A reflexão acima, do filósofo Moysés Pinto Neto, ecoa o assombro que varreu os ambientes mais iluminados do país diante do encerramento da exposição “Queermuseu – Cartografias da Diferença na Arte Brasileira” após uma campanha de traços medievais promovida pelo Movimento Brasil Livre (MBL).

Quase um mês depois de sua inauguração no Santander Cultural, prédio localizado no Centro Histórico de Porto Alegre (RS), a exposição, prevista para ficar em cartaz até o 8 de outubro, teve no dia 9 de setembro seu último dia de visitação. No domingo (10), o Santander Cultural não abriu as portas e divulgou uma nota anunciando o seu cancelamento. Foi a reação da instituição ao movimento de protesto de entidades e pessoas que avaliaram a mostra como ofensiva, por razões que vão de "blasfêmia" no uso de símbolos católicos à difusão de "pedofilia" e "zoofilia" em alguns dos trabalhos expostos. O prefeito de Porto Alegre, Nelson Marchezan Jr. (PSDB) também se manifestou contra a mostra.

A mostra, com curadoria de Gaudêncio Fidelis, reunia 270 trabalhos de 85 artistas que abordavam a temática LGBT, questões de gênero e de diversidade sexual. As obras – que percorrem o período histórico de meados do século XX até os dias de hoje – são assinadas por grandes nomes como Adriana Varejão, Cândido Portinari, Fernando Baril, Hudinilson Jr., Lygia Clark, Leonilson e Yuri Firmesa.

Nas redes sociais, as mensagens e vídeos mais compartilhados pelos críticos e movimentos religiosos mostravam a pintura de um Jesus Cristo com vários braços (a obra Cruzando Jesus Cristo Deusa Schiva, de Fernando Baril) e imagens de duas crianças com as inscrições Criança viada travesti da lambada e Criança viada deusa das águas, da artista Bia Leite.

Diante da forte repercussão repentina, o Santander esclareceu, por meio de nota, em um primeiro momento, que algumas imagens da mostra poderiam provocar um sentimento contrário daquilo que discutem. No entanto, elas tinham sido criadas "justamente para nos fazer refletir sobre os desafios que devemos enfrentar em relação a questões de gênero, diversidade, violência entre outros". Dois dias depois, entretanto, o banco voltou atrás e cedeu às pressões dos críticos com medo de um forte boicote contra o Santander e de manchar a imagem da instituição financeira.

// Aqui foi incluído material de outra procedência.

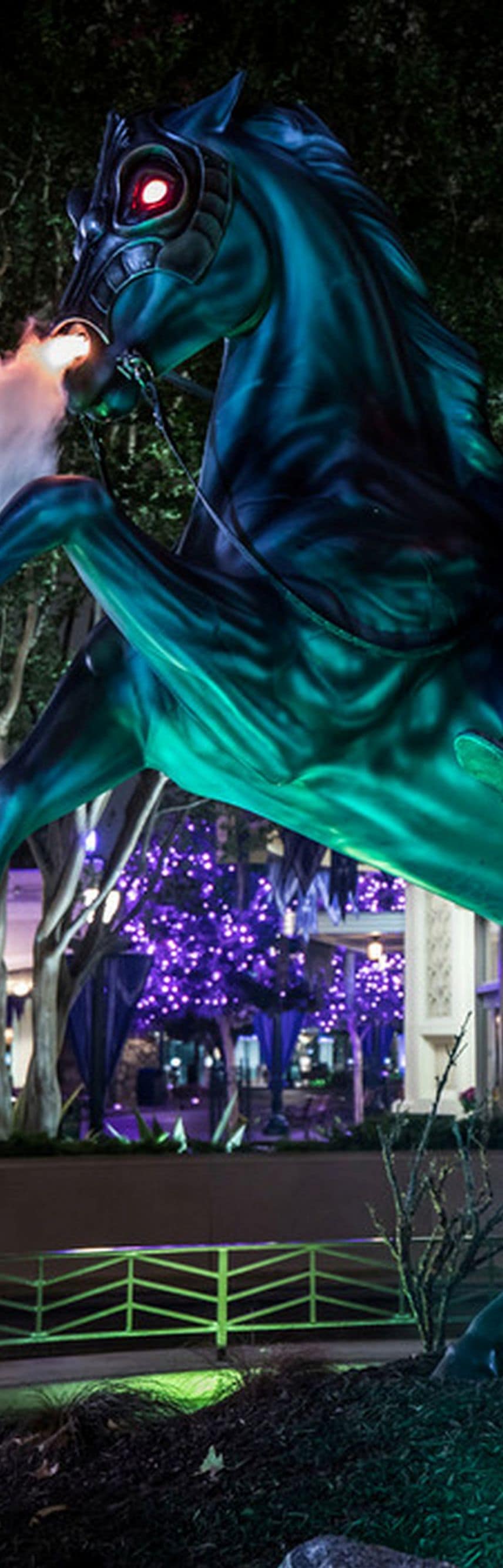 Halloween at Disneyland Resort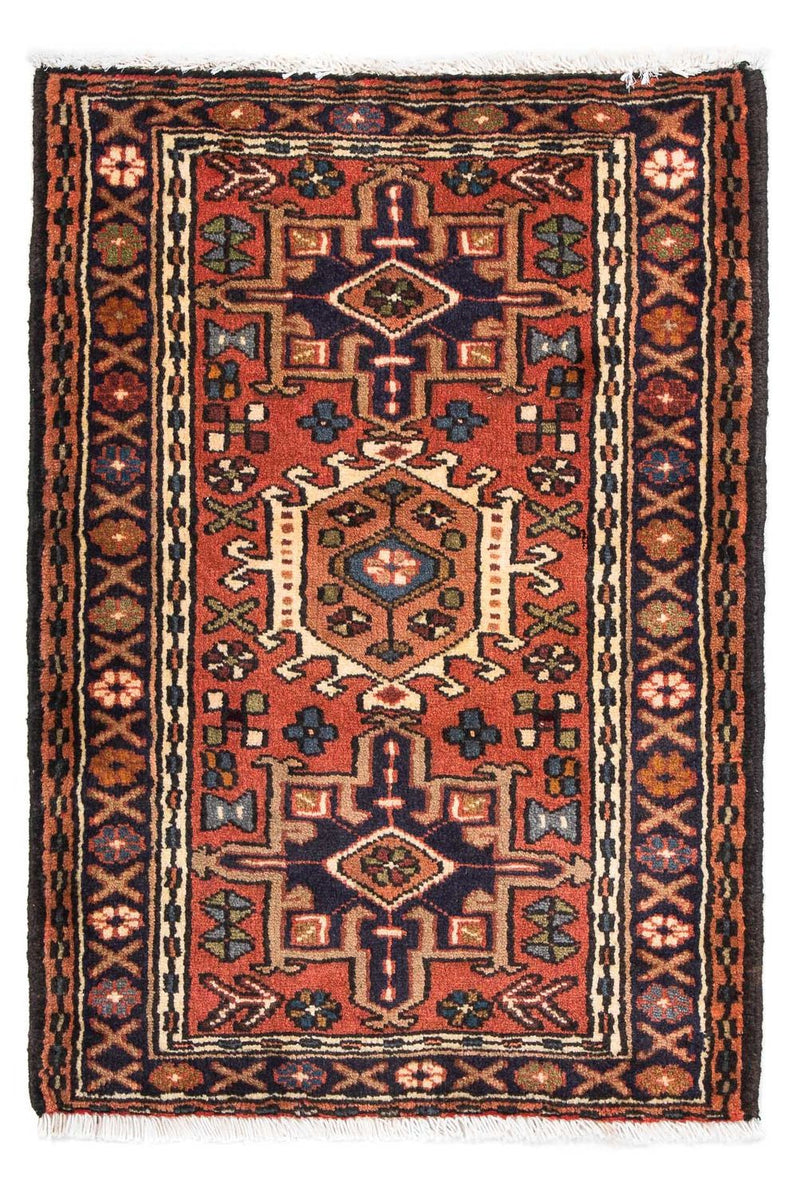Tappeto Persero - Nomade - 98 x 70 cm - ruggine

Em nova nota, no dia 10, o Santander Cultural pediu desculpas a todos os que se sentiram ofendidos por alguma obra que fazia parte da mostra. "Ouvimos as manifestações e entendemos que algumas das obras da exposição Queermuseu desrespeitam símbolos, crenças e pessoas, o que não está em linha com a nossa visão de mundo. Quando a arte não é capaz de gerar inclusão e reflexão positiva, perde seu propósito maior, que é elevar a condição humana".

A decisão gerou, no entanto, outra polêmica no meio artístico e entre internautas, que acusaram o banco de promover censura. O curador da exposição diz ter sido pego de surpresa. "Já fiz duas bienais do Mercosul, nunca tinha visto algo parecido. As manifestações foram muito organizadas e se debruçaram sobre algumas obras muito específicas, que não dão a verdadeira dimensão da exposição. Esses grupos [de críticos] mostraram uma rapidez em distorcer o conteúdo, que não é ofensivo", disse Gaudêncio Fidelis.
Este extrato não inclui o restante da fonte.